Where will gold go next?
As G7 nations propose placing ban on gold imports from Russia following its invasion of Ukraine, interest in the precious metal has risen significantly in recent weeks. Given Russia is the third-largest producer of gold globally, you might expect this to lead to seismic shifts in the market. But the horse may have already bolted when, back in March, the London Bullion Market Association suspended the accreditation of Russian gold refiners, leading the industry to shun Russian imports almost overnight.
Gold began 2022 trading at $1829 an ounce. After spiking to $2043 in the early days of the Ukraine war, it has now retreated to around the $1800 mark – almost where it started. Measured year-on-year, it is up by just 3.44%. Compare this with the first few years of economic and financial instability following the 2007 financial crisis, when gold more than doubled in value.

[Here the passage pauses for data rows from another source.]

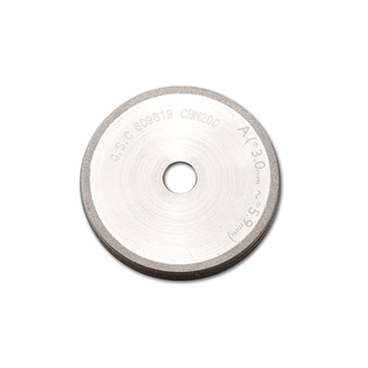 ACCESORII GS1: DISC RECTIFICARE CBN (CBN GRINDING WHEEL)  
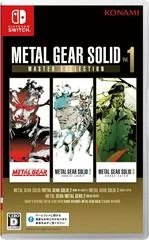 Metal Gear Solid: Master Collection Vol. 1 - Nintendo Switch - Retrocharting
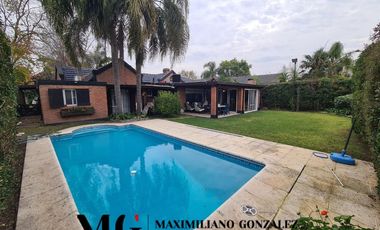 Casa venta Campos de Echeverria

Recent events have added a layer of complexity to an asset that has, historically, been considered as a hedge against inflation. Ever since gold was used as a means of value over 4000 years ago, it has largely maintained its status as a ‘safe haven’ to protect wealth from volatile and uncertain market conditions. In recent months, however, rising interest rates implemented by central banks globally to combat inflation have only dimmed bullion’s appeal by increasing the opportunity cost of holding the asset, which yields no interest. Gold often gains when purchasing power reduces, but this year it has so far been unable to oppose such a risk-off sentiment.
So why has gold been considered a ‘safe asset’ for so long? And what’s changing?
First and foremost, gold is a finite resource: it cannot be mined indefinitely, nor can more of it be produced. This means it is more heavily impacted by value drivers in the market, with inflation being one of the most significant. Gold’s other defensive potential comes from being non-correlated to stocks or bonds. It has a history of steadily maintaining value whatever the surrounding economic conditions affecting other asset values. Many traders consider the precious metal as an inflationary hedge for these reasons, and the desire to own it in a stagflationary period is often one of the key price drivers.
The strength of the US dollar, by which gold is priced, also weighs heavily on the value of gold. The two have an inverse relationship whereby as the dollar strengthens (which it so far has done in 2022), gold weakens in value as it is more easily purchasable. Conversely, a weaker US dollar is likely to drive the price of gold higher through increasing demand – purely because more gold can be purchased when the dollar is weaker.
The relationship between the two markets is frequently cited as being responsible for intraday and short-term gold moves. This is what we’ve seen so far in 2022, and it looks set to continue: according to some analysts, gold prices will continue to struggle as the Federal Reserve leads the global push to raise interest rates. While the looming recession risk bolsters its price, the short-term outlook for gold is unstable given the tightening of global financial conditions.
Gold faces headwinds from central banks committed to fighting soaring inflation by hiking interest rates. From a physical point of view, Metals Focus suggests that demand for the precious metal will dip further towards the back end of this year amid weaker overall retail sales, particularly in the jewellery and luxury goods markets.
But for gold to shine once more, we may need to see even more market turmoil.